そういえば、連ドラ放送中は登場した料理をこぞって作り、SNSにドヤ顔でアップする人が大量発生。サッポロ一番は断然塩派の私でも、素直に「今度味噌も買ってみるか」と思わせるだけの説得力が、この作品に登場する料理にはあるからね。

ささやかな日常こそ最上の幸福

個人的には、このふたりが中年期であることがとても重要だったと思う。そもそもクローズドなゲイだったシロさんとオープンなゲイのケンジは、40代だからこそいたわり合える。若い頃にノンケのフリをして女性と付き合ったことがあるシロさん、昔浮気をして恋人を傷つけたことがあるケンジ。嘘の苦しみも自責の念も痛みも経験済み。

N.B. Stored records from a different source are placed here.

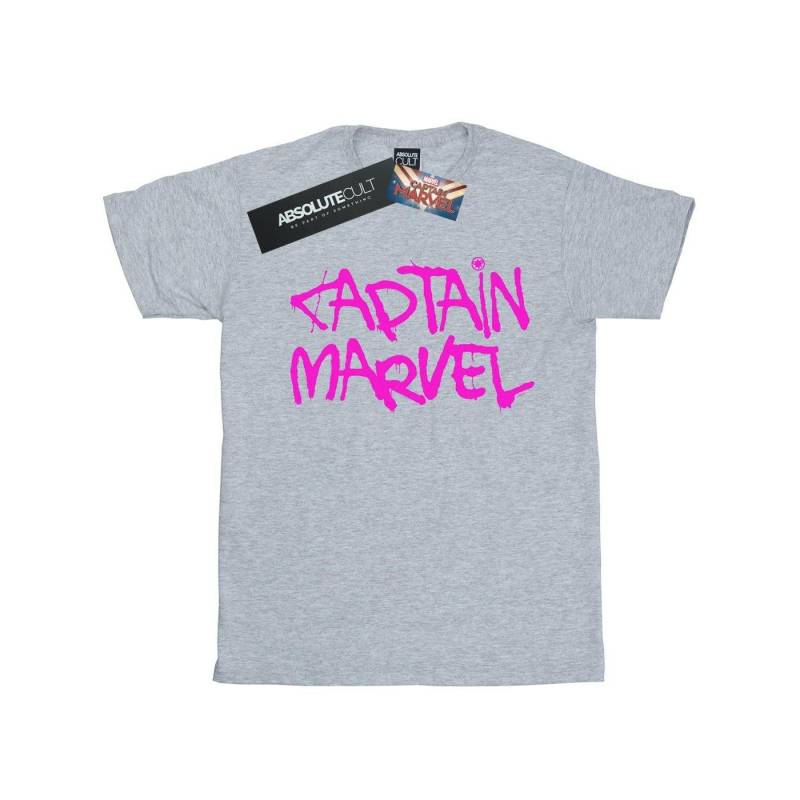 Captain Spray Text Tshirt Jungen Grau 128 von MARVEL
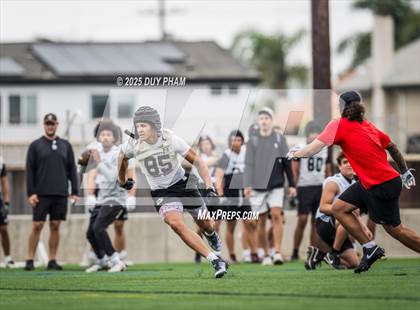 Thumbnail 1 in Servite VS Cathedral Catholic (Battle at the Beach 7on7) photogallery.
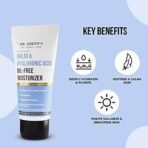 Dr. Sheth's Haldi & Hyaluronic Acid Oil-Free Moisturizer | Lightweight Moisturiser | Rehydrates Dull Skin | With 1% Hyaluronic Acid, Cica Extract & Aquaporin Boosters | For Women & Men | 50G - Fast UK Delivery - Image 3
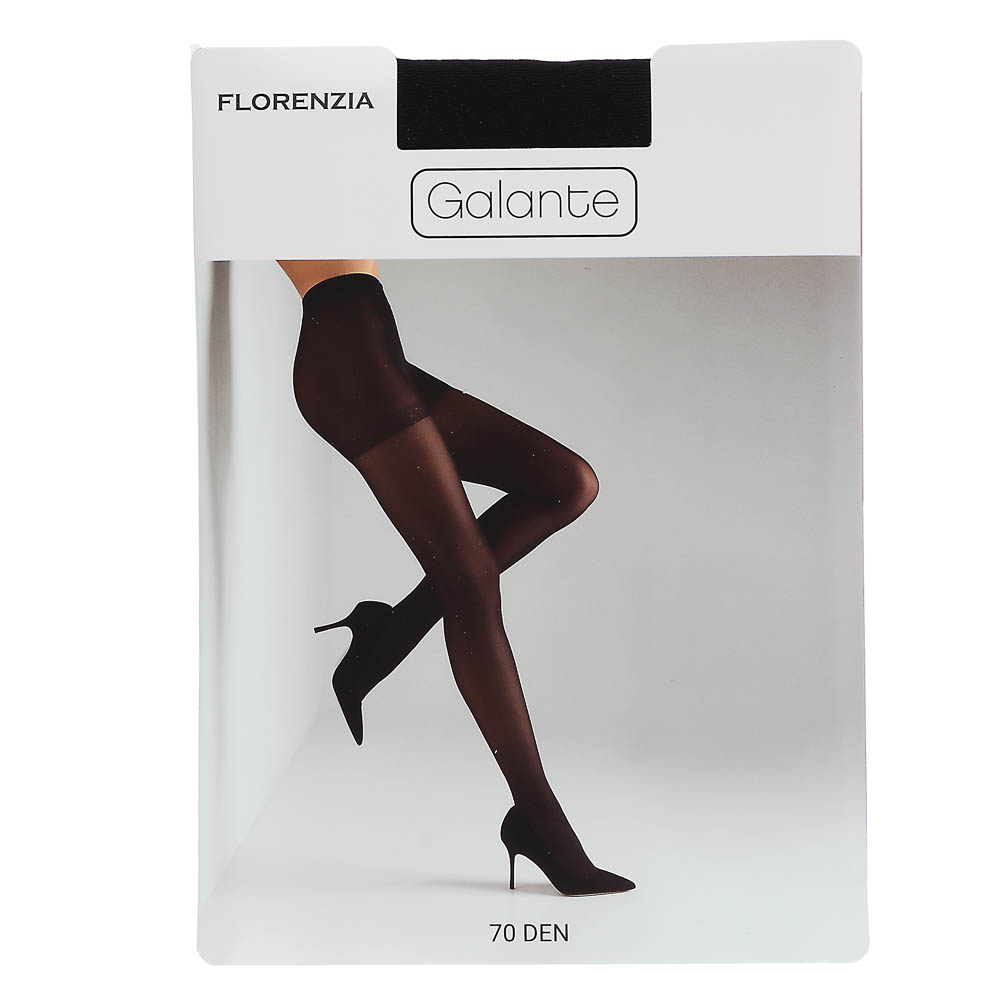 GALANTE Florenzia Колготки 70 DEN с шортиками, 84% полиамид, 16%эластан, размер 4, цвет черный - #1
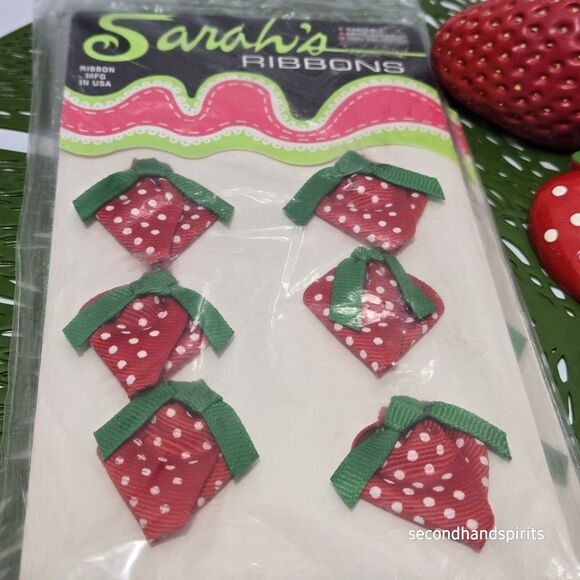 Strawberry Strawberries Themed Lot Stickers,Note Holder,pin and Ribbons. - Picture 2 of 10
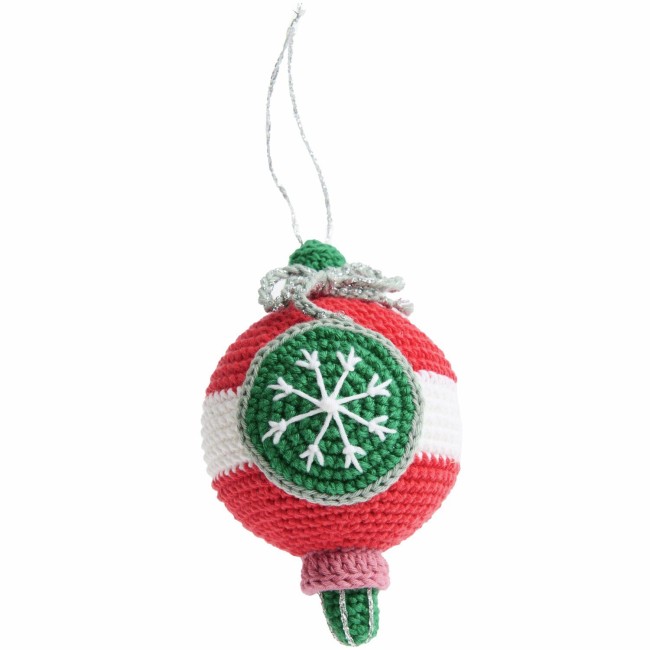 Kit de crochet Ricorumi Variante ARGENT - Kit de 2 Boules de Noël Kit de crochet Ricorumi Variante ARGENT - Kit de 2 Boules de Noël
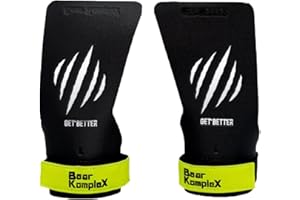 Bear KompleX Black Diamond No Hole Hand Grips, Use for Pull-ups, Weightlifting, WODs with Wrist Straps, Comfort and Support, Hand Protection from Rips and Blisters for Men and Women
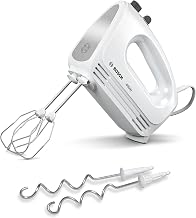 Bosch Handrührgerät, 2 Rührbesen, 2 Knethaken, Edelstahl, spülmaschinenfest, 4 Stufen, Turbos…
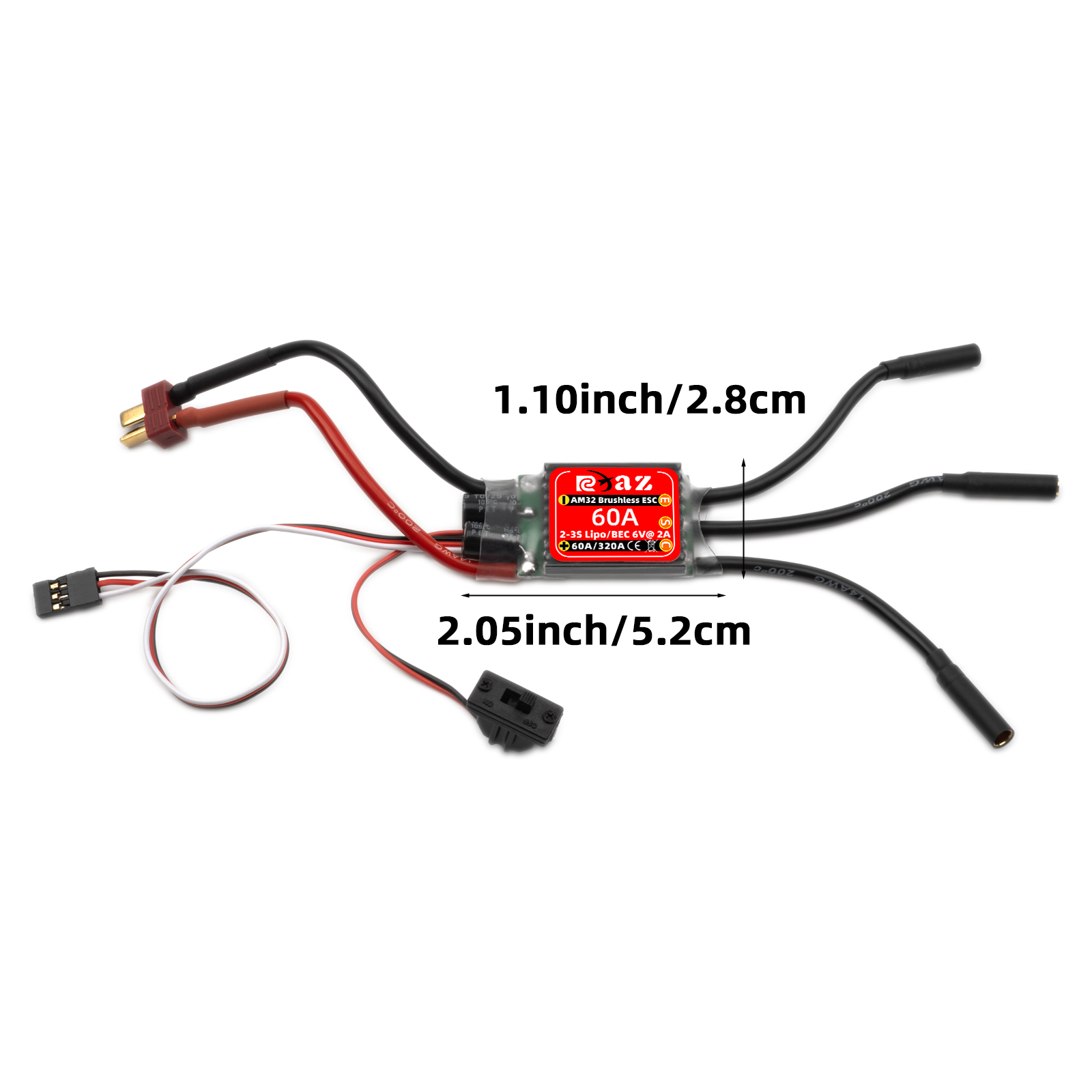 RCXAZ AM32 60A Brushless ESC E - Esc Waterproof 60A 评论和价格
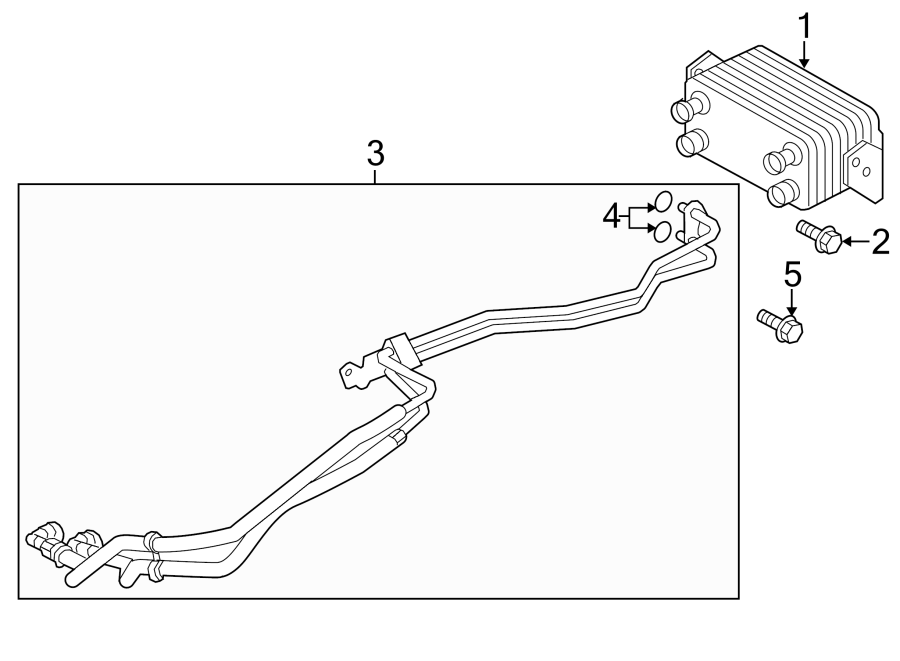 Diagram TRANS OIL COOLER. for your 1996 Land Rover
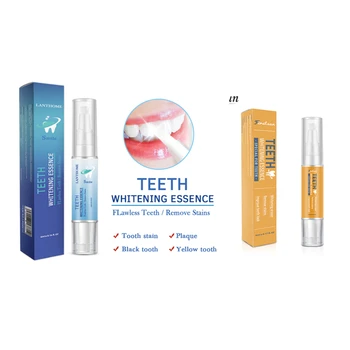 

Dental 4ml 2/1pcs Teeth Whitening Pen with Brush Gel Tooth Cleaning Removal Stain Tooth Whitening Oral Care Free Shipping TSLM2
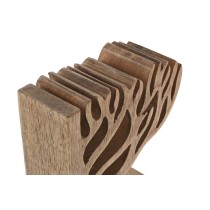 porte-livre Home ESPRIT Naturel Bois de manguier Arbre de vie 25 x 5 x 15 cm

年齢を重ねたことで、切り捨てられるようになった欲望やこだわり、沸点が低くなった感情、視点を変えることができる柔軟性、優しい嘘の使い分けなどに説得力もある。もちろん、すべての中年がこんなに成熟しているわけがないのだが、「毎日ふたりで一緒にごはんを食べる」というささやかな日常が本当の幸せだと思えるのは、経験と年齢を重ねているからでもあり。

この対比として登場するのがジルベールこと井上航。磯村勇斗が演じるジルベールは、自分にベタぼれな年上彼氏の小日向大策(山本耕史)をワガママ言いたい放題で振り回す。

ジルベールこと井上航(写真:劇場版『きのう何食べた?』公式サイトより)

彼氏に時間とお金をかけさせ、心配をかけて、愛情の試し行動を繰り返しているのだ。素直に愛を口にせず、安売りしたら軽く見られると思っている。「恋愛は駆け引き」が信条。この感情の起伏が激しい年齢差カップルの存在は大きい。中年同士のシロさんとケンジが穏やかな日常を最上の喜びとする意義を、より際立たせているからだ。